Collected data
Start of Block

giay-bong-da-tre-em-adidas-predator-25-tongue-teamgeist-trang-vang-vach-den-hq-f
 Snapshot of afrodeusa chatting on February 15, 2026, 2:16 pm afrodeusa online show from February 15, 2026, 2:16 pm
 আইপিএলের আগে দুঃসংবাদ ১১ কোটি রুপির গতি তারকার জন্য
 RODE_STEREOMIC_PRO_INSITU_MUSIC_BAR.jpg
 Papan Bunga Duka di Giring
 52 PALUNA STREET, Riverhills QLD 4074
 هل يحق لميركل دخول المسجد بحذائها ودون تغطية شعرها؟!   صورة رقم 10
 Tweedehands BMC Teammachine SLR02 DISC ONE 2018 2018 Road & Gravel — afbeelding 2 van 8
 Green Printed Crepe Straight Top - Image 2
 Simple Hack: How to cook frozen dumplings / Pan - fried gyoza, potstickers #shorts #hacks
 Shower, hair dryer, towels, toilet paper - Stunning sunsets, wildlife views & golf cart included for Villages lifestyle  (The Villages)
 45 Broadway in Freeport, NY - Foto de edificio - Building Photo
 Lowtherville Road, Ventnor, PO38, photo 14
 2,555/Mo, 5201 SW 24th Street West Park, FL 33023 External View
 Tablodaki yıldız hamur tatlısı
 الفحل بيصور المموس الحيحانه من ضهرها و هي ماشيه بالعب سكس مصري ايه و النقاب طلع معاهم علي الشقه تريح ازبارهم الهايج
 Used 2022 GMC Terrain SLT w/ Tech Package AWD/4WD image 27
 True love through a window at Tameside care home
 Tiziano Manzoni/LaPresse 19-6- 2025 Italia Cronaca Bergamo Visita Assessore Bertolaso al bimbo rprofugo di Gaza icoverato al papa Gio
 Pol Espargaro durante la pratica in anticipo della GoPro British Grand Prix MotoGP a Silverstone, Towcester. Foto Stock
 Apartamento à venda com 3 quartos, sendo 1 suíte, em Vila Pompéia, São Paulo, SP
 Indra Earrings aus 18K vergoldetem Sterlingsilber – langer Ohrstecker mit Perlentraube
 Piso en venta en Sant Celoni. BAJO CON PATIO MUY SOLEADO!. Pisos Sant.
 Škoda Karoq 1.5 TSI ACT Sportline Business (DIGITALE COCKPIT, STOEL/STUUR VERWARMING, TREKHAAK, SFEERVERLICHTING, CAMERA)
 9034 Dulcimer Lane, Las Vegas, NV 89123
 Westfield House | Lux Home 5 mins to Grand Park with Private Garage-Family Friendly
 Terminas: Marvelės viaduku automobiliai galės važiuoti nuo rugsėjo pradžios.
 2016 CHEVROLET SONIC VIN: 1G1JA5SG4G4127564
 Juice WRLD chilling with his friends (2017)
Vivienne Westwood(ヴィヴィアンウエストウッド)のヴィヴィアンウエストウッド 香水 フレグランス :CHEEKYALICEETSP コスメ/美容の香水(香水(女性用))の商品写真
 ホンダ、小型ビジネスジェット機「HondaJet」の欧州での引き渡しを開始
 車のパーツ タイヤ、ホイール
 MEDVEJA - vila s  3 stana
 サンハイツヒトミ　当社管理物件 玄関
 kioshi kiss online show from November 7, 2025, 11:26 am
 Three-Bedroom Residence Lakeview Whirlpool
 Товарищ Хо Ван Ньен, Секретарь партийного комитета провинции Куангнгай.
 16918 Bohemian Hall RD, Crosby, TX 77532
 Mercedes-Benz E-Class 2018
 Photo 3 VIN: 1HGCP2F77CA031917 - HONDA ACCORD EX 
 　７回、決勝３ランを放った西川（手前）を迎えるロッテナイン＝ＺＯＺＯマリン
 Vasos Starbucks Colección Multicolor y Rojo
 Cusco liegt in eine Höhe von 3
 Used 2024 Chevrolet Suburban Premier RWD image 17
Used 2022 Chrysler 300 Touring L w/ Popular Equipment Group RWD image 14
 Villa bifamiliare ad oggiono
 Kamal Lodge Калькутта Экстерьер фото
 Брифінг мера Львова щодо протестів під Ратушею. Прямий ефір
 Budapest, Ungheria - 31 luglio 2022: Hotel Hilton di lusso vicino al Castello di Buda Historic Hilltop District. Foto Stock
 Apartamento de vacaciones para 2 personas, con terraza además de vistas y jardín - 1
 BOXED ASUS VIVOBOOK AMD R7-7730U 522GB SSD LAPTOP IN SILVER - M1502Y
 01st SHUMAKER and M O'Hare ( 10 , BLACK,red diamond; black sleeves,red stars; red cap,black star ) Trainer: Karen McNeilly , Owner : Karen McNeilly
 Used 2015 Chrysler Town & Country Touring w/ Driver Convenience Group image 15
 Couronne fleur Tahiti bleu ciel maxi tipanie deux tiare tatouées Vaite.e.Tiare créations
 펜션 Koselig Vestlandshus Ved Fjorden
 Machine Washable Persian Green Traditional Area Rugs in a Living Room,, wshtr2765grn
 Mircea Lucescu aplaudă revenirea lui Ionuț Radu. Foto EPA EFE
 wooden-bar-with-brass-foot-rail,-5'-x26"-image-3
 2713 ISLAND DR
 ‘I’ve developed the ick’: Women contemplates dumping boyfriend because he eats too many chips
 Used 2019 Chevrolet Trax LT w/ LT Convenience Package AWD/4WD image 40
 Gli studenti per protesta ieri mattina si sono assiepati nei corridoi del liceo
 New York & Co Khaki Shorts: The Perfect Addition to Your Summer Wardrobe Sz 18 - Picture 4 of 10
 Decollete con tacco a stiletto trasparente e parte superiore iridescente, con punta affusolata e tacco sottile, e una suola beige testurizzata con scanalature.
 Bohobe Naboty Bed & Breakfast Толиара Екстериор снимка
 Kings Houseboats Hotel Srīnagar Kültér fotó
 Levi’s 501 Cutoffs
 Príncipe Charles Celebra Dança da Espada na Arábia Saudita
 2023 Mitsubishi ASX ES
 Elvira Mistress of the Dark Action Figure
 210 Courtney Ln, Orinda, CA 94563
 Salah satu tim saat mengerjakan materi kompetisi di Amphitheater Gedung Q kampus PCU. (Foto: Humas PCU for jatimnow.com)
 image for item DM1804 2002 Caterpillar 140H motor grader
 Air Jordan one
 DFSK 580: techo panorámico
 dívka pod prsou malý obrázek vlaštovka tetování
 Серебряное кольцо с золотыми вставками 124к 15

End of Block

▶ [WHAT IS BEING ASKED]: Produce a word-for-word copy of all the entries above.

▶ [OUTPUT FOR THIS TASK]:
giay-bong-da-tre-em-adidas-predator-25-tongue-teamgeist-trang-vang-vach-den-hq-f
 Snapshot of afrodeusa chatting on February 15, 2026, 2:16 pm afrodeusa online show from February 15, 2026, 2:16 pm
 আইপিএলের আগে দুঃসংবাদ ১১ কোটি রুপির গতি তারকার জন্য
 RODE_STEREOMIC_PRO_INSITU_MUSIC_BAR.jpg
 Papan Bunga Duka di Giring
 52 PALUNA STREET, Riverhills QLD 4074
 هل يحق لميركل دخول المسجد بحذائها ودون تغطية شعرها؟!   صورة رقم 10
 Tweedehands BMC Teammachine SLR02 DISC ONE 2018 2018 Road & Gravel — afbeelding 2 van 8
 Green Printed Crepe Straight Top - Image 2
 Simple Hack: How to cook frozen dumplings / Pan - fried gyoza, potstickers #shorts #hacks
 Shower, hair dryer, towels, toilet paper - Stunning sunsets, wildlife views & golf cart included for Villages lifestyle  (The Villages)
 45 Broadway in Freeport, NY - Foto de edificio - Building Photo
 Lowtherville Road, Ventnor, PO38, photo 14
 2,555/Mo, 5201 SW 24th Street West Park, FL 33023 External View
 Tablodaki yıldız hamur tatlısı
 الفحل بيصور المموس الحيحانه من ضهرها و هي ماشيه بالعب سكس مصري ايه و النقاب طلع معاهم علي الشقه تريح ازبارهم الهايج
 Used 2022 GMC Terrain SLT w/ Tech Package AWD/4WD image 27
 True love through a window at Tameside care home
 Tiziano Manzoni/LaPresse 19-6- 2025 Italia Cronaca Bergamo Visita Assessore Bertolaso al bimbo rprofugo di Gaza icoverato al papa Gio
 Pol Espargaro durante la pratica in anticipo della GoPro British Grand Prix MotoGP a Silverstone, Towcester. Foto Stock
 Apartamento à venda com 3 quartos, sendo 1 suíte, em Vila Pompéia, São Paulo, SP
 Indra Earrings aus 18K vergoldetem Sterlingsilber – langer Ohrstecker mit Perlentraube
 Piso en venta en Sant Celoni. BAJO CON PATIO MUY SOLEADO!. Pisos Sant.
 Škoda Karoq 1.5 TSI ACT Sportline Business (DIGITALE COCKPIT, STOEL/STUUR VERWARMING, TREKHAAK, SFEERVERLICHTING, CAMERA)
 9034 Dulcimer Lane, Las Vegas, NV 89123
 Westfield House | Lux Home 5 mins to Grand Park with Private Garage-Family Friendly
 Terminas: Marvelės viaduku automobiliai galės važiuoti nuo rugsėjo pradžios.
 2016 CHEVROLET SONIC VIN: 1G1JA5SG4G4127564
 Juice WRLD chilling with his friends (2017)
Vivienne Westwood(ヴィヴィアンウエストウッド)のヴィヴィアンウエストウッド 香水 フレグランス :CHEEKYALICEETSP コスメ/美容の香水(香水(女性用))の商品写真
 ホンダ、小型ビジネスジェット機「HondaJet」の欧州での引き渡しを開始
 車のパーツ タイヤ、ホイール
 MEDVEJA - vila s  3 stana
 サンハイツヒトミ　当社管理物件 玄関
 kioshi kiss online show from November 7, 2025, 11:26 am
 Three-Bedroom Residence Lakeview Whirlpool
 Товарищ Хо Ван Ньен, Секретарь партийного комитета провинции Куангнгай.
 16918 Bohemian Hall RD, Crosby, TX 77532
 Mercedes-Benz E-Class 2018
 Photo 3 VIN: 1HGCP2F77CA031917 - HONDA ACCORD EX 
 　７回、決勝３ランを放った西川（手前）を迎えるロッテナイン＝ＺＯＺＯマリン
 Vasos Starbucks Colección Multicolor y Rojo
 Cusco liegt in eine Höhe von 3
 Used 2024 Chevrolet Suburban Premier RWD image 17
Used 2022 Chrysler 300 Touring L w/ Popular Equipment Group RWD image 14
 Villa bifamiliare ad oggiono
 Kamal Lodge Калькутта Экстерьер фото
 Брифінг мера Львова щодо протестів під Ратушею. Прямий ефір
 Budapest, Ungheria - 31 luglio 2022: Hotel Hilton di lusso vicino al Castello di Buda Historic Hilltop District. Foto Stock
 Apartamento de vacaciones para 2 personas, con terraza además de vistas y jardín - 1
 BOXED ASUS VIVOBOOK AMD R7-7730U 522GB SSD LAPTOP IN SILVER - M1502Y
 01st SHUMAKER and M O'Hare ( 10 , BLACK,red diamond; black sleeves,red stars; red cap,black star ) Trainer: Karen McNeilly , Owner : Karen McNeilly
 Used 2015 Chrysler Town & Country Touring w/ Driver Convenience Group image 15
 Couronne fleur Tahiti bleu ciel maxi tipanie deux tiare tatouées Vaite.e.Tiare créations
 펜션 Koselig Vestlandshus Ved Fjorden
 Machine Washable Persian Green Traditional Area Rugs in a Living Room,, wshtr2765grn
 Mircea Lucescu aplaudă revenirea lui Ionuț Radu. Foto EPA EFE
 wooden-bar-with-brass-foot-rail,-5'-x26"-image-3
 2713 ISLAND DR
 ‘I’ve developed the ick’: Women contemplates dumping boyfriend because he eats too many chips
 Used 2019 Chevrolet Trax LT w/ LT Convenience Package AWD/4WD image 40
 Gli studenti per protesta ieri mattina si sono assiepati nei corridoi del liceo
 New York & Co Khaki Shorts: The Perfect Addition to Your Summer Wardrobe Sz 18 - Picture 4 of 10
 Decollete con tacco a stiletto trasparente e parte superiore iridescente, con punta affusolata e tacco sottile, e una suola beige testurizzata con scanalature.
 Bohobe Naboty Bed & Breakfast Толиара Екстериор снимка
 Kings Houseboats Hotel Srīnagar Kültér fotó
 Levi’s 501 Cutoffs
 Príncipe Charles Celebra Dança da Espada na Arábia Saudita
 2023 Mitsubishi ASX ES
 Elvira Mistress of the Dark Action Figure
 210 Courtney Ln, Orinda, CA 94563
 Salah satu tim saat mengerjakan materi kompetisi di Amphitheater Gedung Q kampus PCU. (Foto: Humas PCU for jatimnow.com)
 image for item DM1804 2002 Caterpillar 140H motor grader
 Air Jordan one
 DFSK 580: techo panorámico
 dívka pod prsou malý obrázek vlaštovka tetování
 Серебряное кольцо с золотыми вставками 124к 15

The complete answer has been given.